Cumhurbaşkanı’nın medya patronlarını bile
“iftar yemeği” adı altında Huber Köşkü’nde toplaması
aslında bu sistemin gereklerinden biri.
Bilgisi olan birisi söylesin, hangi Avrupa
ülkesinde bir ülkenin lideri medya patronlarını yemeğe çağırıp
onlara üstelik gazetecilik üzerine ders verir gibi konuşma yapar?
Gazetecinin kim olduğu üzerine değerlendirmede bulunur, medyayı
iktidara yamama -havuzlama politikasının sonucunu adeta ideal
olarak takdim eder?
Cumhurbaşkanı kendisi de net dile getirmişti,
“kuvvetler birliği”nden yana bir politikacı.
Devlette, hükümette bunu gerçekleştirdi... Tüm devlet birimleri
tamam. Ekonomi hayatı da tam tamam değilse bile adım adım
yöneltiliyor oraya.
Sabrın sonu mu, boş tehdit
mi?
Aslında medyaya yönelik uzun yıllardır izlenen
politika da bu “kuvvetler birliği” düşüncesinin bir
parçası. Önemli ölçüde başarılmış durumda.

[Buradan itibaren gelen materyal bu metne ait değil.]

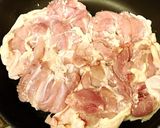 白菜と鶏モモ肉のコンソメミルク煮作り方2写真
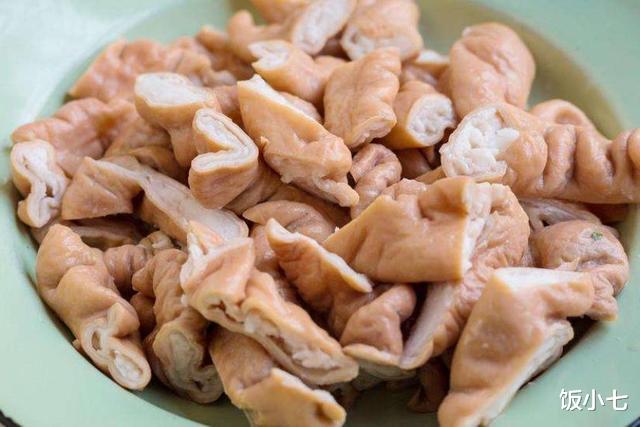 『猪大肠』洗干净的猪大肠，不要直接下锅炒，多做这一步，猪大肠软嫩又入味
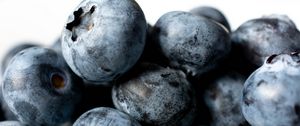 Preview wallpaper blueberries, berries, food, blue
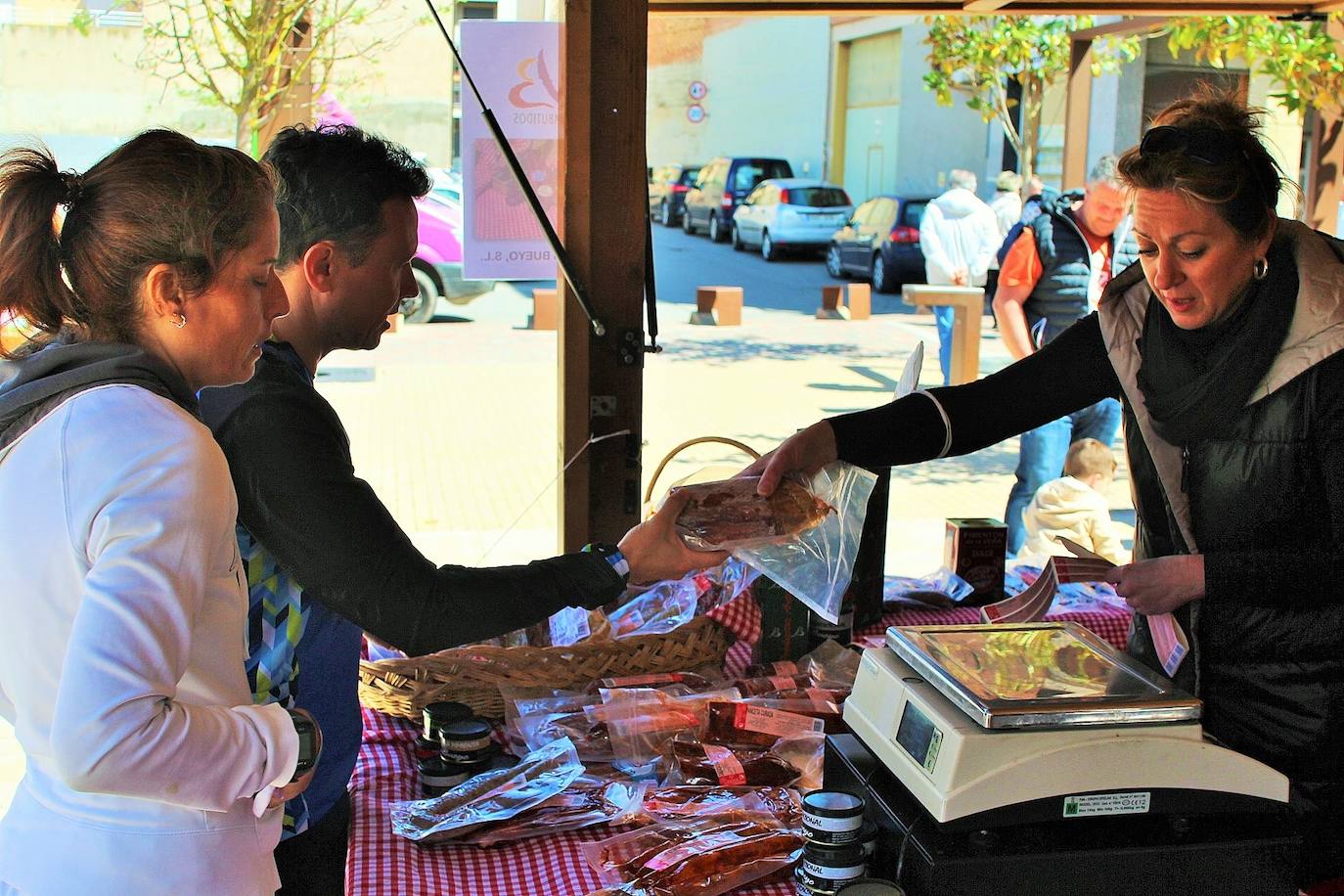Fotos: 5ª Feria de Productos de Albelda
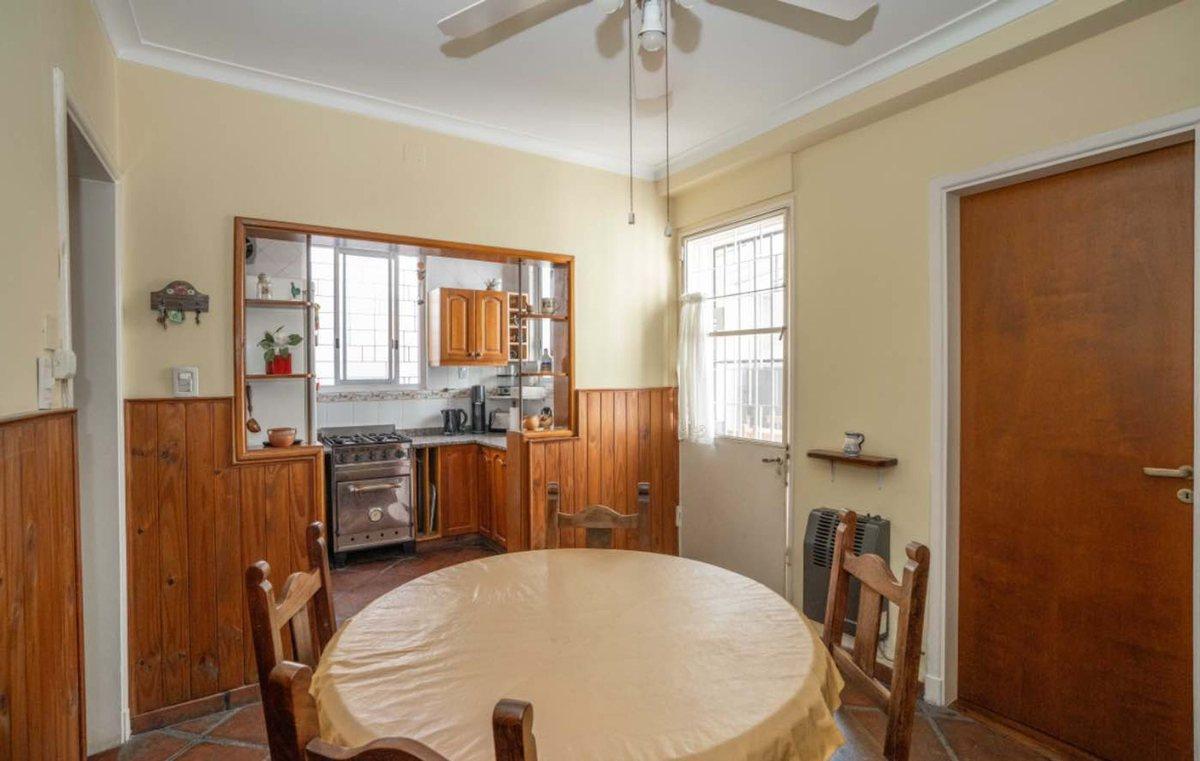 Foto de Casa 5 amb patio/parrilla en venta en Florida Este, imagen 4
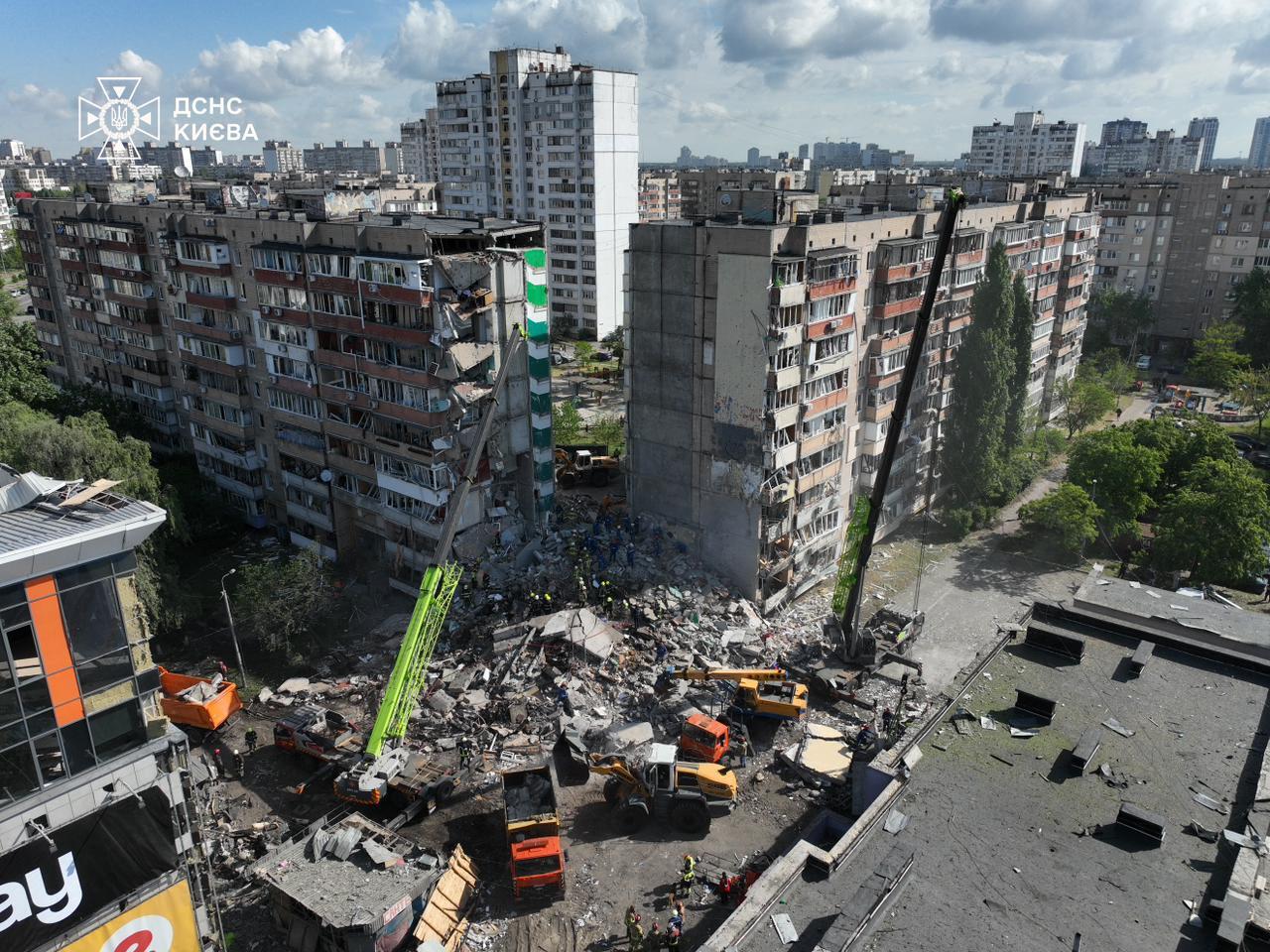 Počet obětí ruského útoku na Kyjev stoupl na 16, včetně dvou dětí
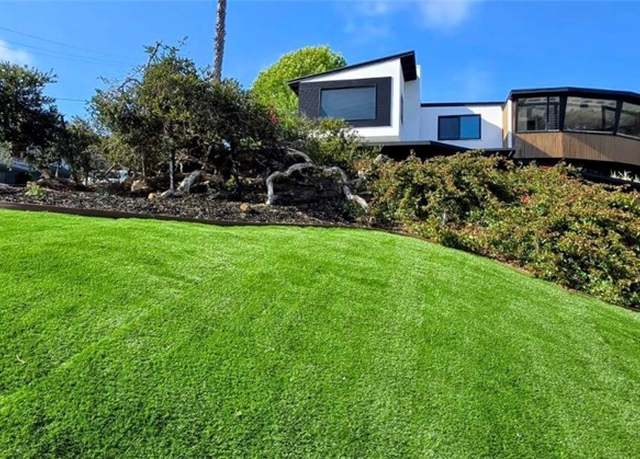 Property at 300 Holmwood Dr, Newport Beach, CA 92663, 3 beds, 2 baths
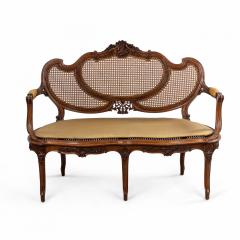 French Louis XV Walnut Loveseat - 1418968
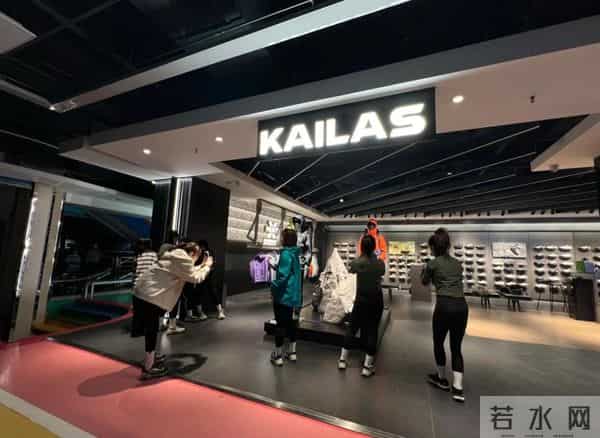 横空出世，从平替逆袭成中产新宠，老板一年竟卖40亿！评论区沦陷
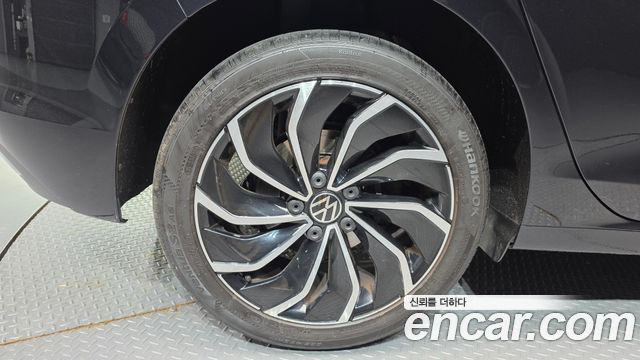Volkswagen Golf 2022 — photo 5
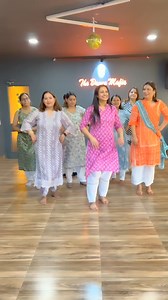 29K views · 732 reactions | Jatti Mili Jatt nu Patang vargi #oldpunjabisongs #hit #punjabisong #theDanceMafia #Bhangra #ladiesdance #punjabikudi | THE DANCE MAFIA | Facebook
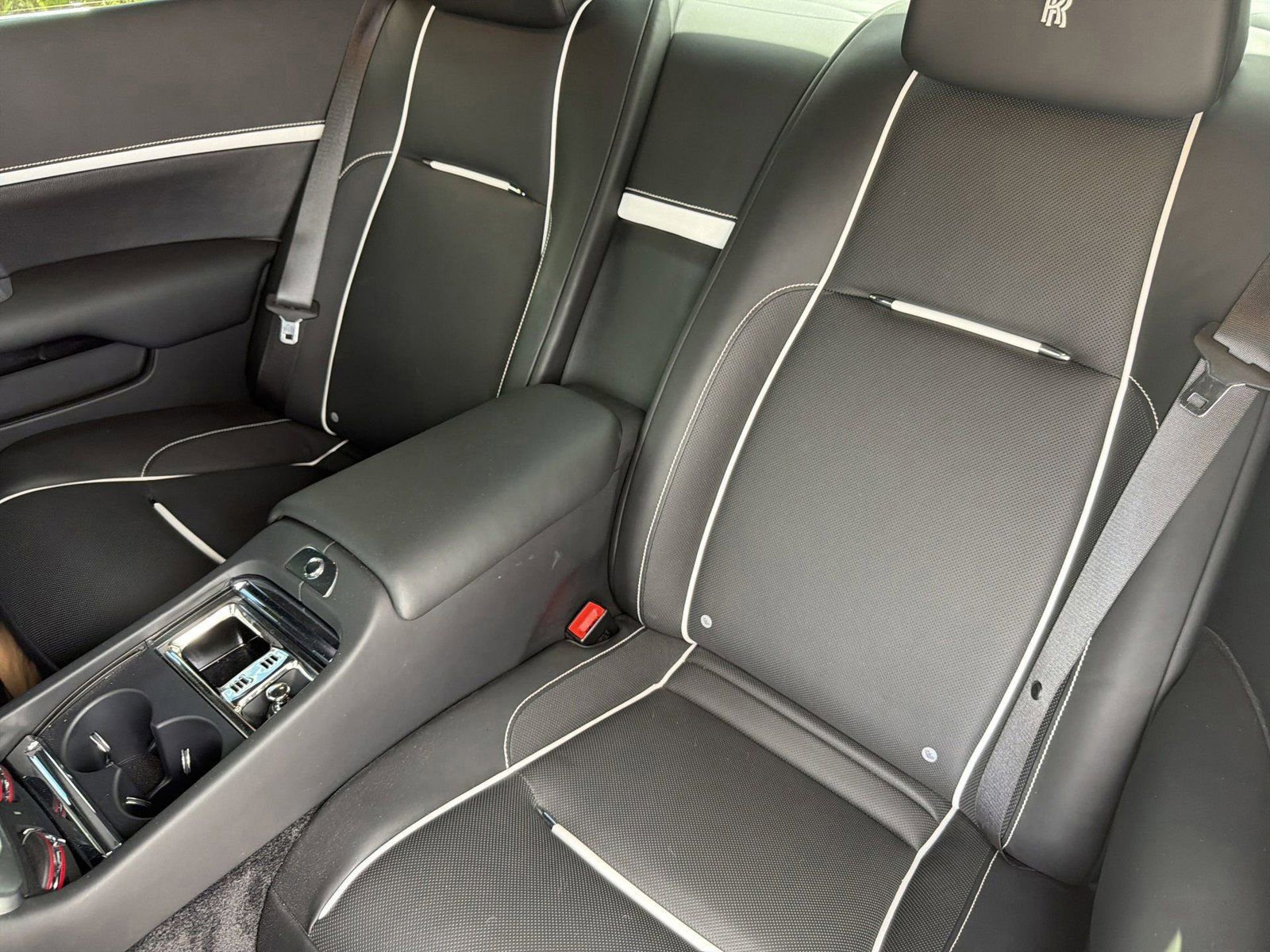 Used 2020 Rolls-Royce Wraith image 13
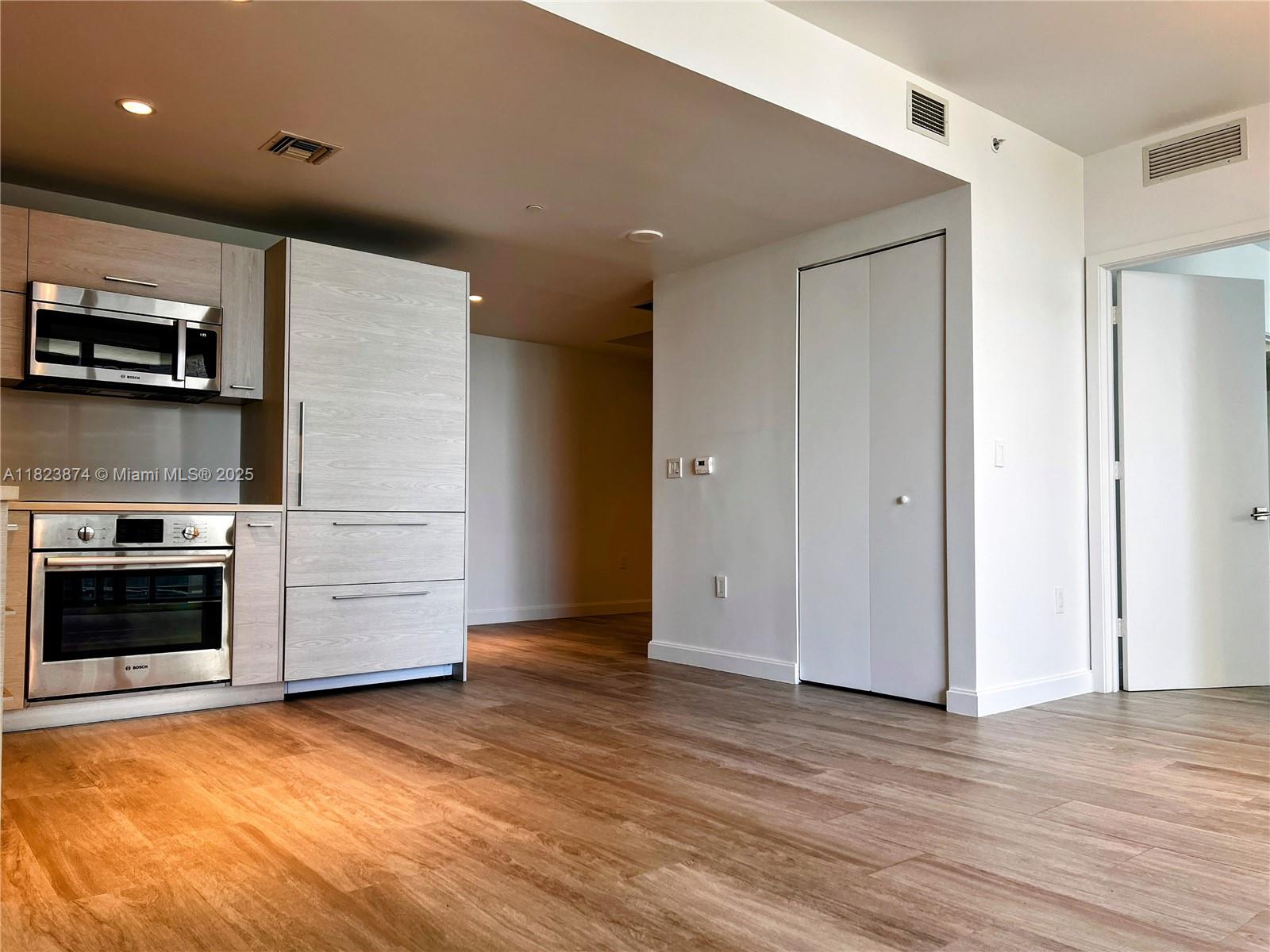 image BRICKELL HEIGHTS EAST5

Eh
Sözcü ve Cumhuriyet gibi
ayrıkları da FETÖ cadı kazanı içine atma politikası da, artık
ayrık- muhalif sese sabırlarının sonuna geldiklerini
gösteriyor.
Eğer bu “sabır sonu” saptaması
doğruysa, muhalif yayın yapılamayacak, görüş bildirilemeyecek bir
ortam içinde ilerleyecekler diyebiliriz.
Adalet Yürüyüşü’ne karşı dile
getirmeye başladıkları tahammülsüzlük ve bunun da ötesinde,
anayasayı çiğniyorsunuz, yargıyı üzerine salarız
anlamına gelen açıklamalar da, sepetlerinde var olduğunu
gördüğümüz, tahmin ettiğimiz artık sabra-tahammüle olan gereksinimi
de gereksiz kılacak tam bir iktidara uyumu gündeme aldılar
demektir.
Ama sanmıyorum... Bu cümleye “henüz”ü
de eklemeli miydim?
Açıkçası, Türkiye’yi büyük suskunluğun içine
sokacak böyle bir şeyi başaramazlar.